--- START ---
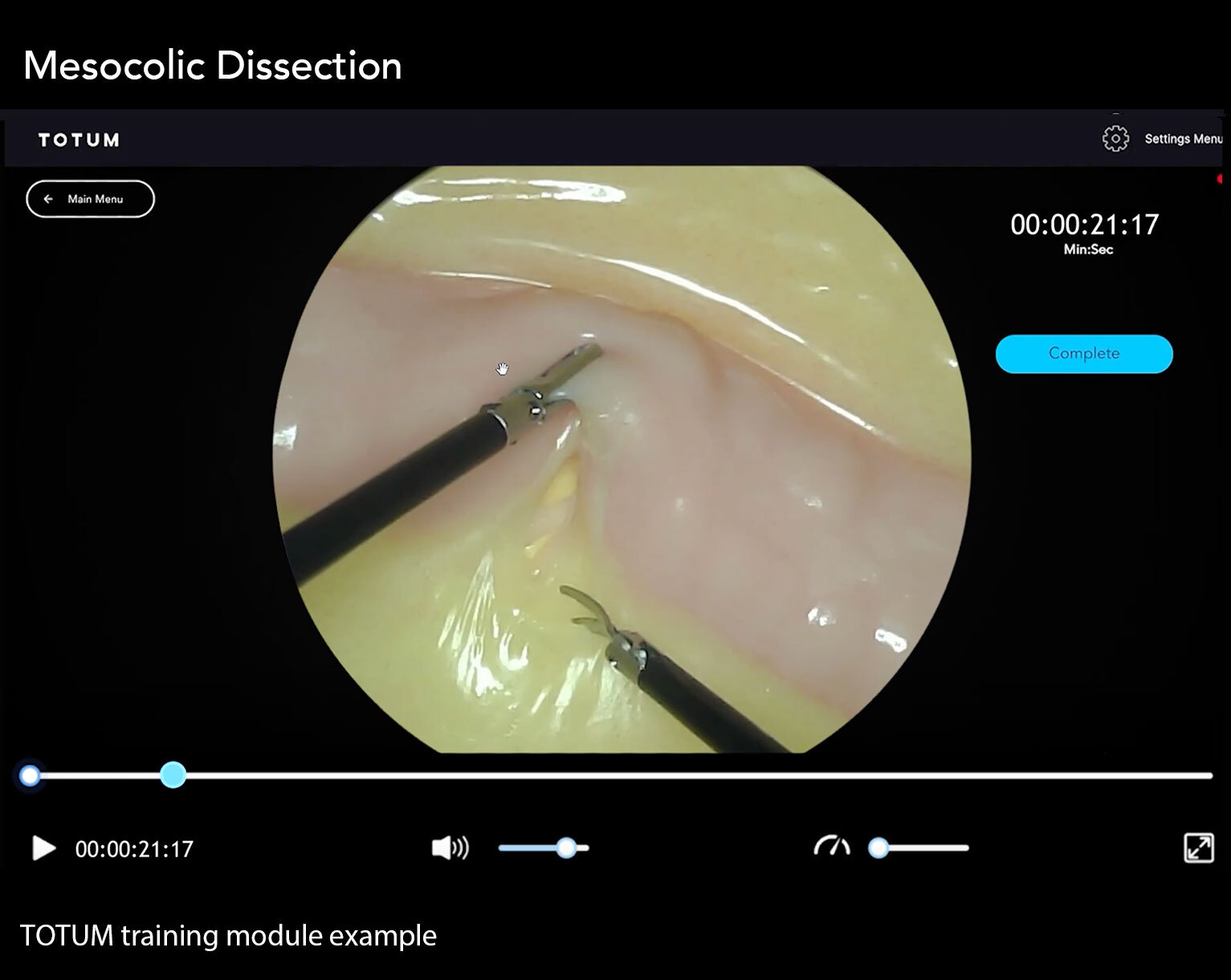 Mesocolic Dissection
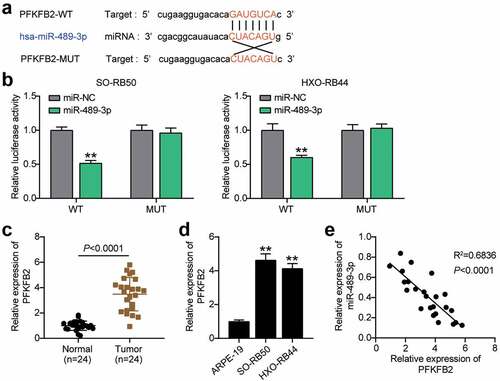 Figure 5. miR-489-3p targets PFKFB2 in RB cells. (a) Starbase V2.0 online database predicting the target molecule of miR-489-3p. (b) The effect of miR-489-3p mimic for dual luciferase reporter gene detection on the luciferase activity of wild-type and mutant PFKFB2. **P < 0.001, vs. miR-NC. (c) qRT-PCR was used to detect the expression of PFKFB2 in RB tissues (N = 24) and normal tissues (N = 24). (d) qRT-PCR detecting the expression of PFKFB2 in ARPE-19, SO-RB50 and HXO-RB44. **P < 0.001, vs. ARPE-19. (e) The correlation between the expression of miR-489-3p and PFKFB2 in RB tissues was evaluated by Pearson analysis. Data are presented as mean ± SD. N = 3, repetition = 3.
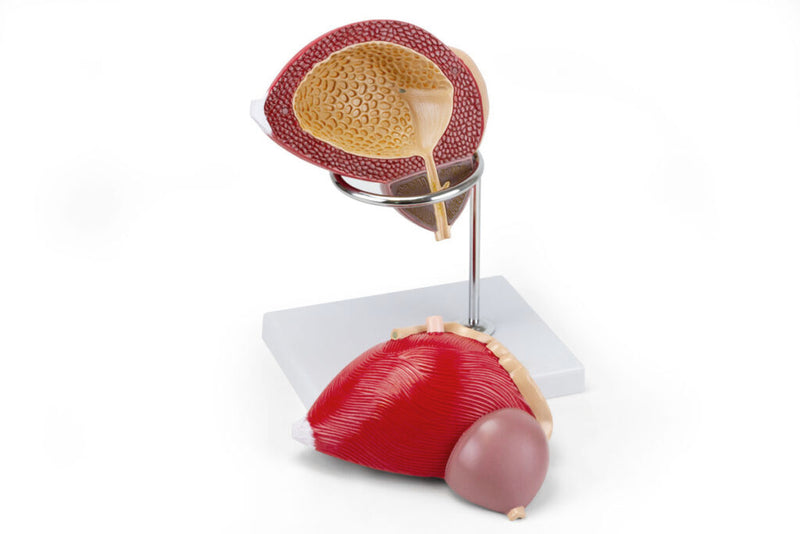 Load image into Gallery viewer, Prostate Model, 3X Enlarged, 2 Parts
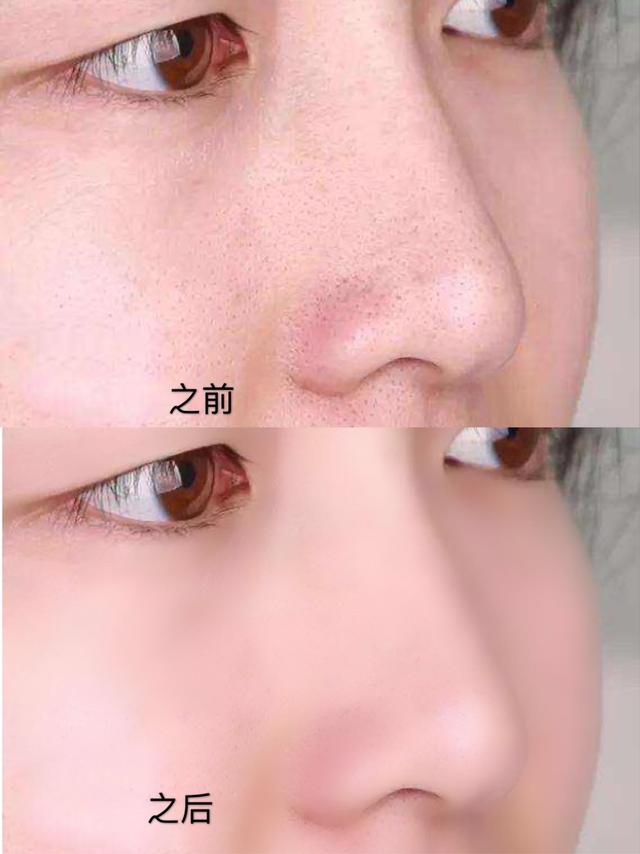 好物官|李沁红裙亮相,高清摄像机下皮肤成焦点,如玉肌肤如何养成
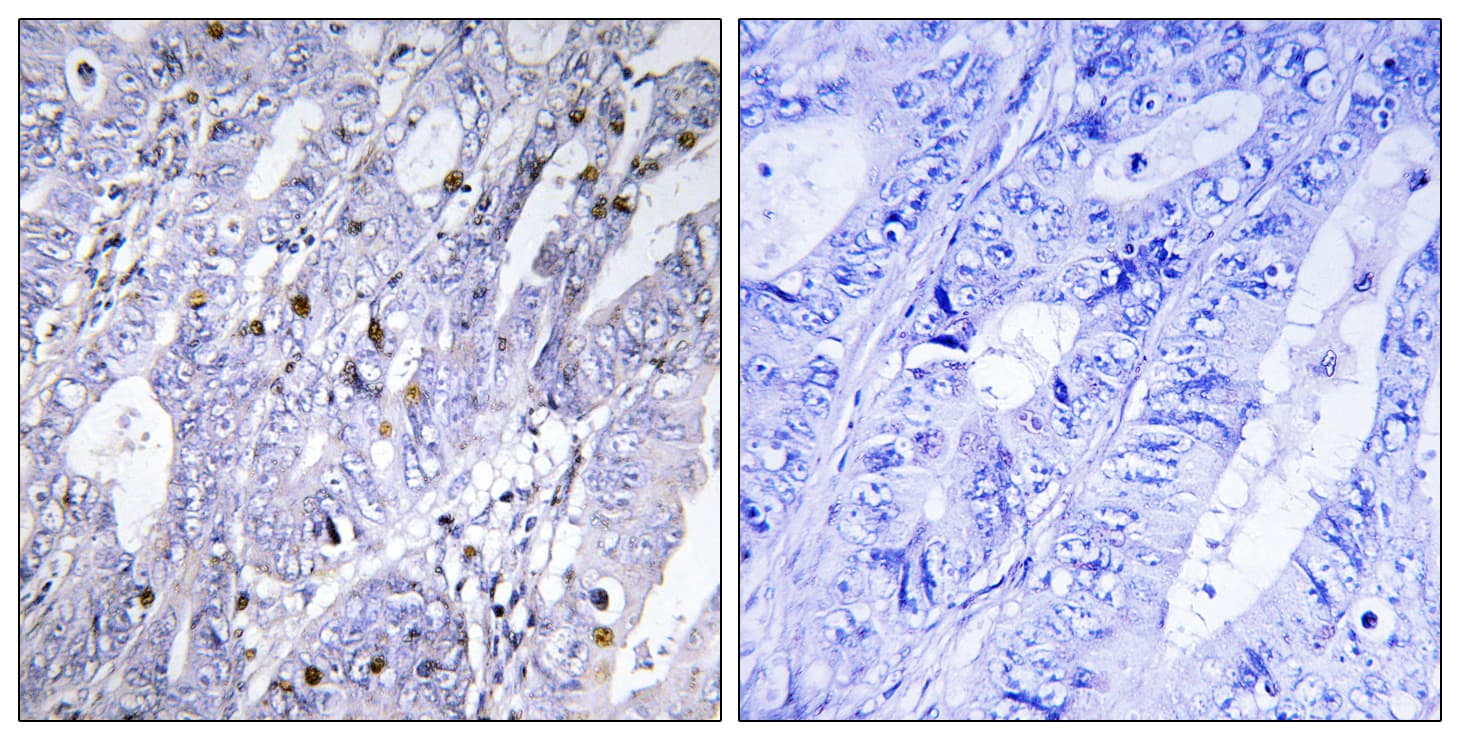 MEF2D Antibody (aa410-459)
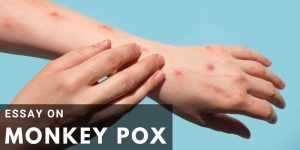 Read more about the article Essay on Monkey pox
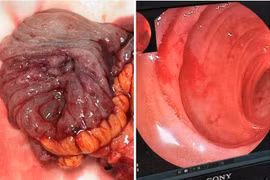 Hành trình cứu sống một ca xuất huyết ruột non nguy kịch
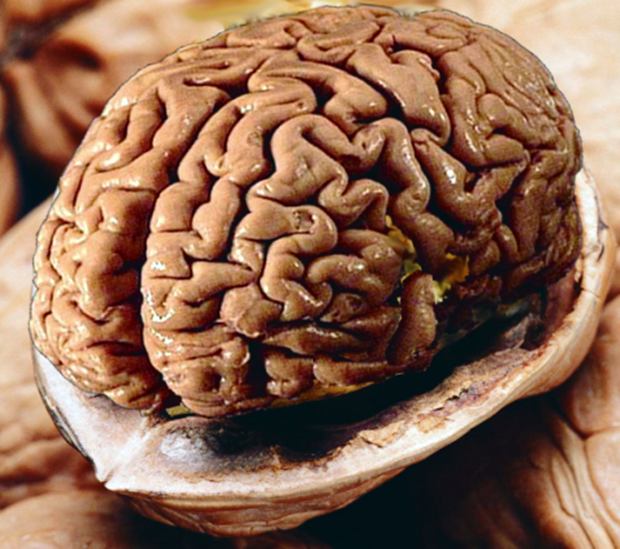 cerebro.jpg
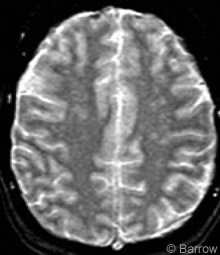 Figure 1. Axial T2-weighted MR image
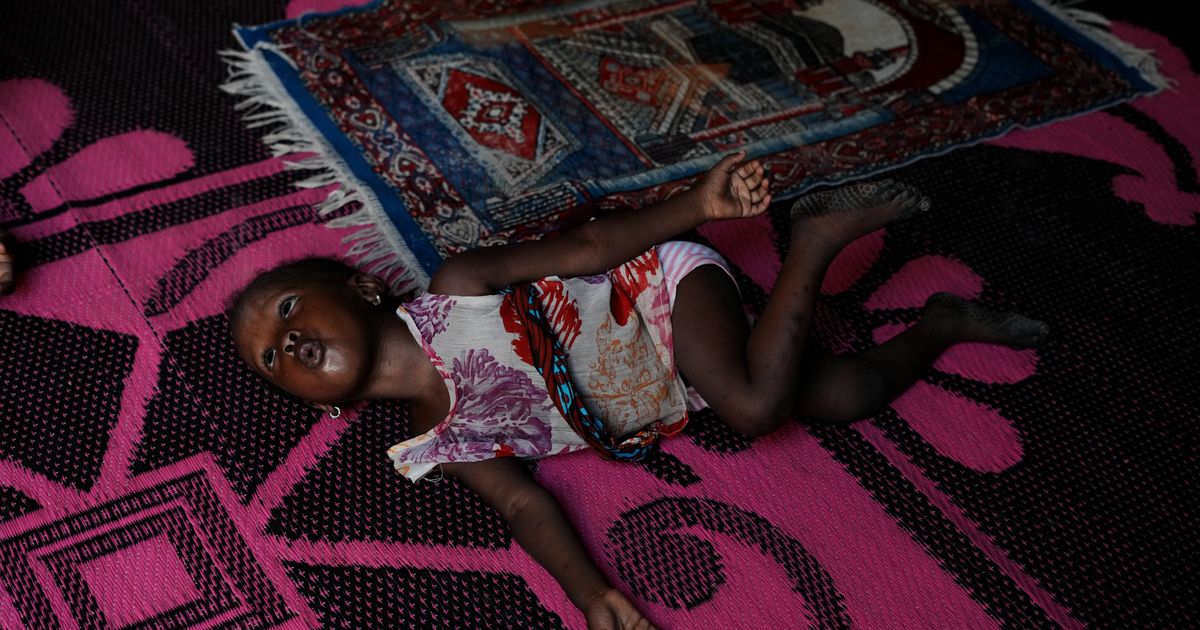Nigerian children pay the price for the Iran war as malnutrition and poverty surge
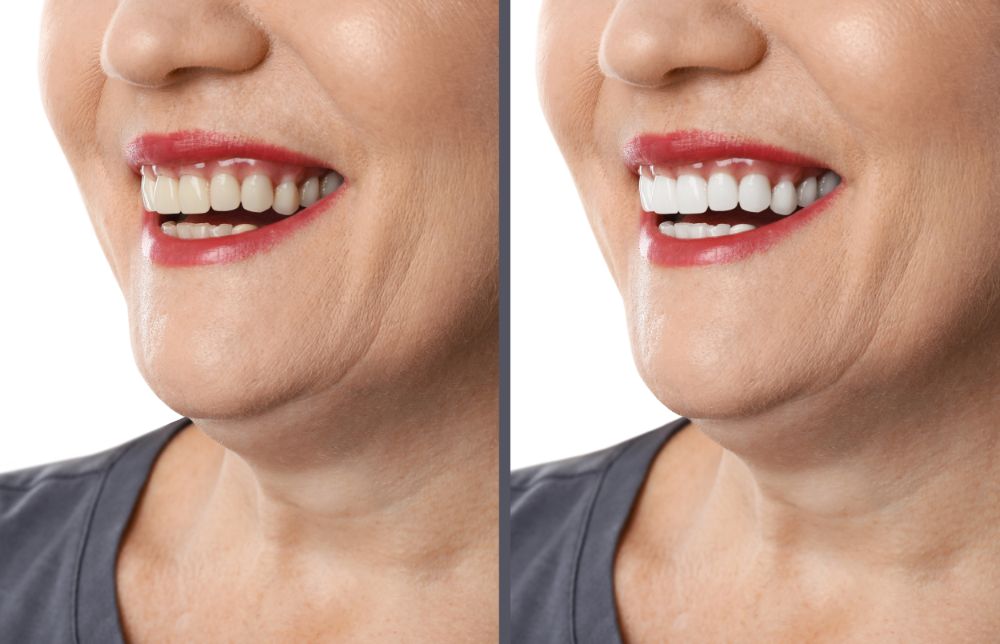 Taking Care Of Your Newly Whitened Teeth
--- END ---
Every line from the one bearing "cerebro.jpg" through the end of the data above must be output exactly, and no picture may appear.

 cerebro.jpg
 Figure 1. Axial T2-weighted MR image
Nigerian children pay the price for the Iran war as malnutrition and poverty surge
 Taking Care Of Your Newly Whitened Teeth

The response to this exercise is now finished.